I would be interested to know how much state is in those closures. If it is less than 200 or so bytes, it would not be impractical to encode it (b64) in the url for the next page (rather than a reference to the state).
You don't want to execute code from URLs. (Yes, you can use cryptography to "sign" URLs you create. Don't try that at home unless you know the difference between MACs and hashes, and how to avoid timing attacks.)
It's not a druthers kind of thing. If you need to trust that it hasn't been tampered with you must sign it.
And if you don't care you might as well not add authentication because without signing it's just a fancy CRC - ie, totally replicable by an attacker. As cookies and links are sent over TCP there should be vanishingly few errors in transmission - you're far more likely to introduce false positives with buggy code, and ...
You need to sanity check your inputs anyways. Just do it.
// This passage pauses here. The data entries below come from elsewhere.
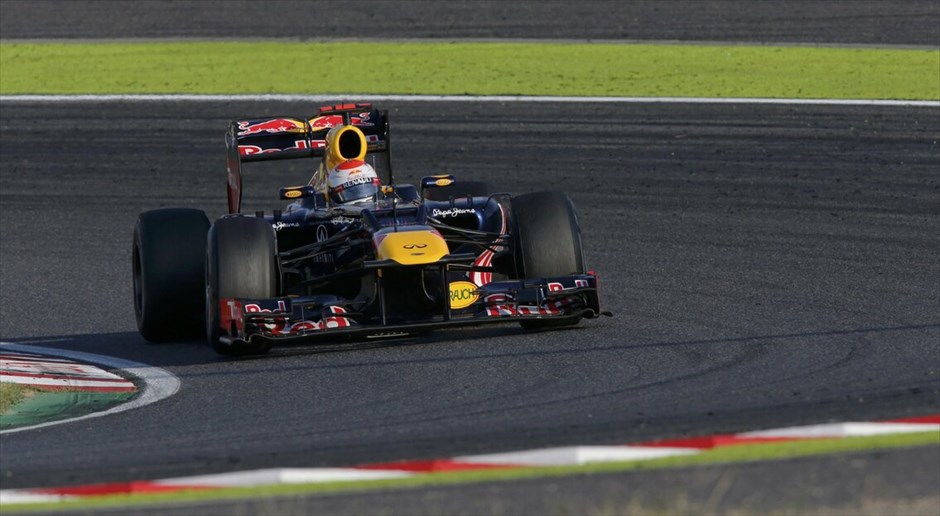 Formula 1: Το GP της Ιαπωνίας #10. Σεμπάστιαν Φέτελ (Red Bull Renault).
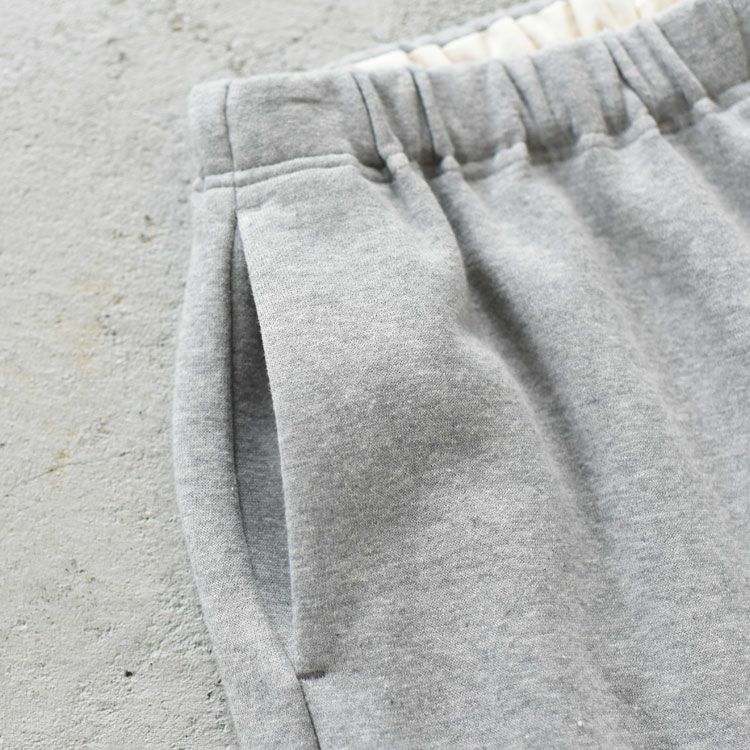 sweat wide easy pants スウェットワイドイージーパンツ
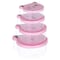 Gondol Food Container - Set of 4 - Multi Color
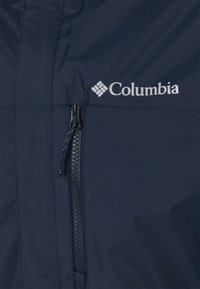 Columbia POURING ADVENTURE JACKET - Hardshell-jakke - collegiate navy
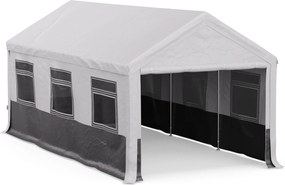 Blumfeldt Party Haven, stan, 598 x 296 x 280 cm, odolný voči poveternostným vplyvom, oceľový rám, jednoduchá montáž, s bočnými stenami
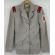 WWII US Cadet Nurse Summer Striped Service Jacket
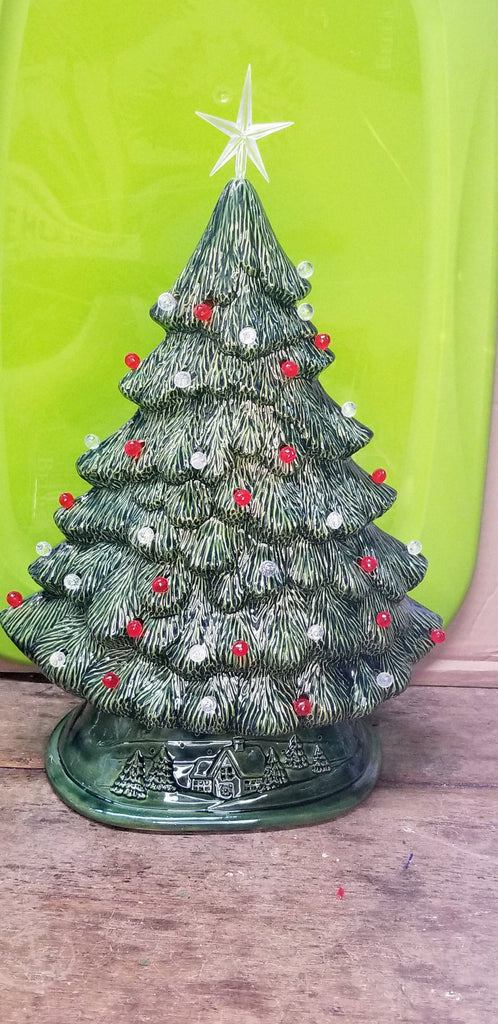 Ceramic tree - Large Atlantic Mold w/2 extra limbs large multi colored –  Now and Then of Rockmart, Inc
This is also how you avoid bugs normally.
I wouldn't call it a closure unless it has something like a "next-instruction" field, which is probably enough to get control - and certainly enough to do nasty things (think 'debug-mode, 'restart-server, 'shutdown.)
The PLT-Scheme (aka Racket) folks do this. Its kind of awesome, and I used it for a side project. It works pretty well except some browsers have a max url length, so you can only safely shove so much data to the client side, and then your stuck with old fashion IDs again. Still lots of fun to play with :)
Racket has support for serialization of closures and continuations, which it's web server makes extensive use of. It seems like it'd be possible to expose the relevant functions to make that happen, though I have no idea how large the closures actually are once serialized.